There are 23 red beads in total, and seven of that in bag #5, so the chance that the red bead you took is from #5 (which means the black ones are also) is 7/23= 0,3 -> 30%

that sounds good to me.

And regarding question 2: I think the answer is 5 beads, when the first 5 beads you withdraw are all red. As long as you just draw 4 it's still about 1/5 with bag you've got, but as soon as you get the fifth red one you know it has to be #5. The question does say "best-case-scenario", which to me means you are incredibly lucky in taking only red beads.

nah, the question asks how many to give you a 50% certainty that you got bag 5, not 100% certainty.

 

[The Borg Queen]

At least 50% certainty.

Draw 4 red beads, it's still a 1 in 5 chance of having a specific bag: 20%

Draw a 5th red bead and it instantly goes up to 100% certainty of having bag #5.

 

[Roger Wilco]

nah, the question asks how many to give you a 50% certainty that you got bag 5, not 100% certainty.

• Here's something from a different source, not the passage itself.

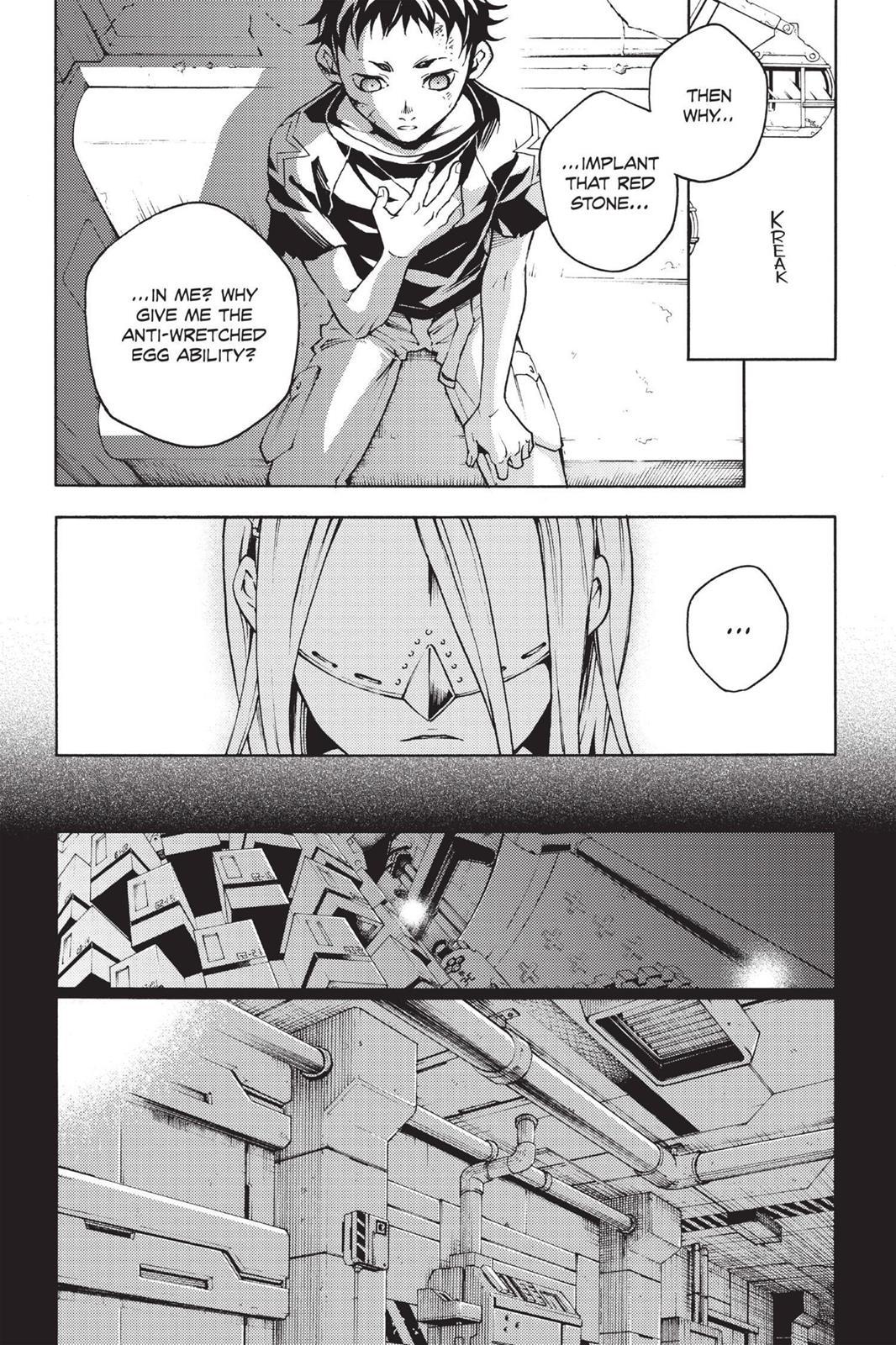 Read Deadman Wonderland Manga Online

Yeah, that threw me off too. Although I have to admit, that I don't even understand your solution.

 

[RJDiogenes]

If it says at least 50% percent certainty, that includes 50% certainty, so it could be four beads for the second question.

 

[K'Ehleyr]

Make it diamonds and rubies and then I'd care

 

[The Borg Queen]

If it says at least 50% percent certainty, that includes 50% certainty, so it could be four beads for the second question.

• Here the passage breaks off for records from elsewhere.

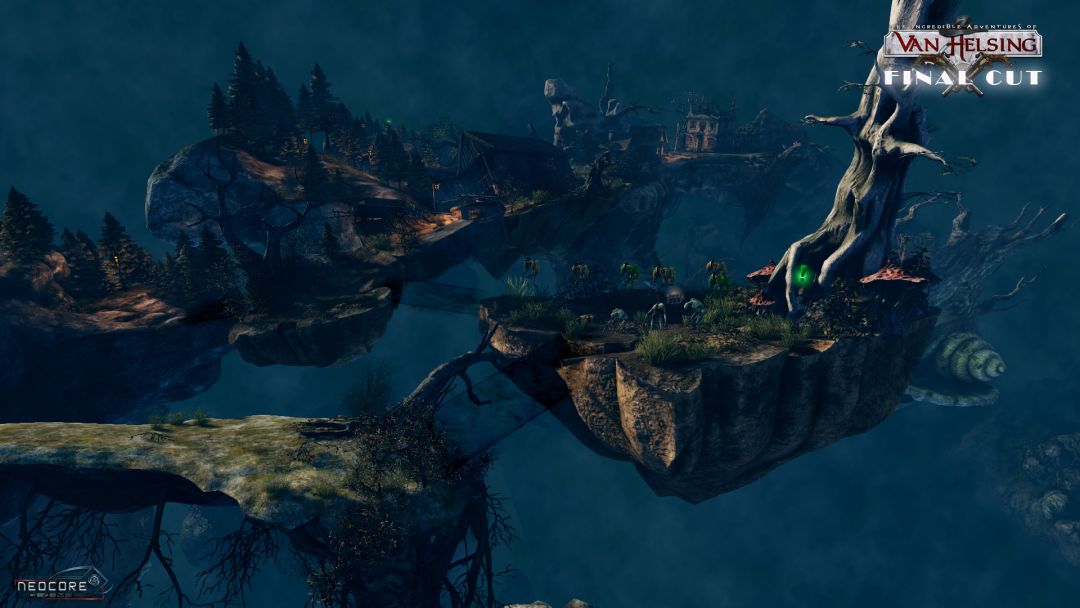 The Incredible Adventures of Van Helsing: Final Cut游戏截图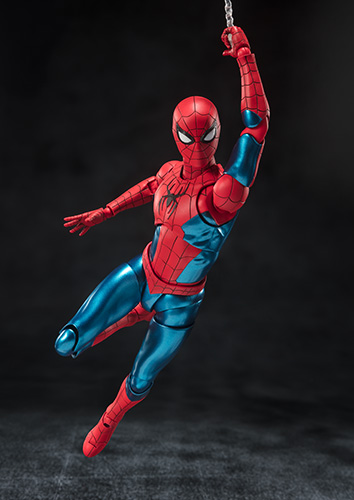 バラ売り不可S.H.Figuarts スパイダーマン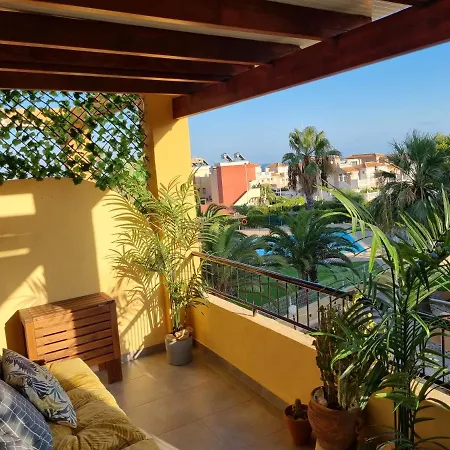 Appartamento Casa Del Playas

But you can get four beads from all bags, so the chances of you having bag #5 by drawing four beads is still only 20%.

 

[RJDiogenes]

^^ Er, true. Never mind. I should know better than to tackle a math question.

 

[Zulu Romeo]

Sorry, I thought they were jelly beans and I ate the beads.

I think you need a doctor. One who deals with jellybabies.

 

[Holdfast]

Getting a job as his assistant isn't a long term position usually.

You know, if I set this sort of math question on a job application, I would divide the completed applications as follows:

1) anyone who gets the wrong answer - factory line
2) anyone who gets the right answer and can prove they did it themselves - engineer/systems designer/accountancy
3) anyone who gets the right answer and can't prove they did it themselves - sales
4) anyone who writes that the test is pointless and they're not going to waste their time working it out - fast-track to management

 

[Rosalind]

At least 50% certainty.

Draw 4 red beads, it's still a 1 in 5 chance of having a specific bag: 20%

Draw a 5th red bead and it instantly goes up to 100% certainty of having bag #5.

if drawing one red bead will give you a 30% probability of picking bag 5, I don't think you'll need 4 red beads to tell you you've got bag 5.

nah, the question asks how many to give you a 50% certainty that you got bag 5, not 100% certainty.

Yeah, that threw me off too. Although I have to admit, that I don't even understand your solution.

it's just the reverse of the first question.

doing the way you did:
- picking one red bead, the probability of getting bag 5 is 7/23;
- after you picked a red bead off bag 5, then there are 6 left in bag 5, and 22 in total, that give 6/22.
- and together they give ~57%
although I don't think it's right.

now, the way I did it: the probability of getting two red beads from bag 1-4 is p1 = 4/100 * 3/99; the probability of getting that from bag 5 is p2 = 7/100 * 6/99. So, the probability of picking bag 5 is p2/(p1*4+p2).

wait, we can use the Bayes theorem to do this using conditional probabilities. so, the probability of getting bag 5 given we have two red beads is written as P(B=5|X=2 red), where B is the bag number and X is two red beads. this is equals to: P(X|B) * P(B) / P(X). Now, P(X=2 red | B = 5) = p2 from above, P(B) = 1/5, P(X) is the tricky one. P(X) is the probability of picking 2 red beads regardless of the bag, I think it's 23/500 * 22/499. If that's the case, then P(B=5|X=2 red) = 41%. So that means you'll probable need 3 to give at least 50% certainty. But I can't be bothered with the maths anymore.

 

[tharpdevenport]

You could put something clever like:

"Depends on whether the person is right or left handed"

or

"Since it didn't specity being blindfolded or even looking away, the ods are 100% since I know which bags have what and can look into them and pick out that result."

or some kind of bullshit that makes them think you're clever.